Phrases like "failed to meet the expectations of professionalism placed upon him" abound now in a combination of medical, management, and marketing-speak that is somehow meant to soften the personal blows that come as a corollary to the double stigmas of failure and weight gain. It is also why AFL football clubs have even taken the step of publicly chastising players for ballooning skin-fold results. Cosgrove is something of a physical anomaly in his sport though not in his country, where close to 64% of adults are overweight or obese.
We've all heard it before: "he's let himself go", "he's not professional enough" or even worse, "he doesn't want it bad enough". I don't know Cosgrove but every time I've watched him bat he seems to be taking a great amount of pleasure in scoring runs. In first-class cricket he has 8386 of them at an average of 43.22. Those aren't Bradmanesque numbers but we are all adjusting our expectations of Australian cricketers these days, anyway. I'd find it hard to ever view Cosgrove as a failure though. With the odds stacked so increasingly against him with each passing season, he just hangs in there, ready and waiting for that next loose one. I'll think about him during the Ashes too. I know it.
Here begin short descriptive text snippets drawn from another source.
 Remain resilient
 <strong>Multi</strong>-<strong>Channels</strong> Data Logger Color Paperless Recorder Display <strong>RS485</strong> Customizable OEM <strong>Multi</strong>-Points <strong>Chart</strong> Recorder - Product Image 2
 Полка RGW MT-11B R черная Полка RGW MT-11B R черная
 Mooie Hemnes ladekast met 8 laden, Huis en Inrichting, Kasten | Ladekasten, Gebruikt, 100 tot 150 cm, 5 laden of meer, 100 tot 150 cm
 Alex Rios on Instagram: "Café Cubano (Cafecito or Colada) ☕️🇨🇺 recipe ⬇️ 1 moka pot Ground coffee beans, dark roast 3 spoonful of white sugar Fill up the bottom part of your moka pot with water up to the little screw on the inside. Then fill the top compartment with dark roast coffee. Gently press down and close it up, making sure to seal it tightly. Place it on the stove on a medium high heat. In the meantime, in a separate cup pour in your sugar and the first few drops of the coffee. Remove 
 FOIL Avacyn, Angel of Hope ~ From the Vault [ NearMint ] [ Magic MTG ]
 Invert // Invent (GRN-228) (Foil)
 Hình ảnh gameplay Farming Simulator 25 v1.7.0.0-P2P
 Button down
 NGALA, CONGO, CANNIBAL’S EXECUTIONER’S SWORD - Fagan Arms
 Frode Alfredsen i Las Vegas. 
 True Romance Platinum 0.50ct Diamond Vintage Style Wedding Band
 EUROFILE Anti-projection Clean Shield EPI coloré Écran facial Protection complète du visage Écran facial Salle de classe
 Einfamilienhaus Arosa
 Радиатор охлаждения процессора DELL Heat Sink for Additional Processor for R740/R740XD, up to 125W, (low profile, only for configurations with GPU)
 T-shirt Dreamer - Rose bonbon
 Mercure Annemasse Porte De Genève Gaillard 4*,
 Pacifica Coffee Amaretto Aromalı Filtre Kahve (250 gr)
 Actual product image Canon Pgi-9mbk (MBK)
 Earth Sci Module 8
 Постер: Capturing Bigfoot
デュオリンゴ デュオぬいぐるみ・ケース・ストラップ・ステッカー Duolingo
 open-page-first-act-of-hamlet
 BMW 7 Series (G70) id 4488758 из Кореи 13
There's every chance that Cosgrove won't allow me to indulge this minor obsession much more, I guess. He might not follow the advice of every person who has even passed public comment on his career and lose some weight. He also might not score enough runs next season to even be mentioned as a possible international. Many of us will then indulge in that awful reflection of what could have been and whether we're all connected in this problem of his, this problem of everyone's.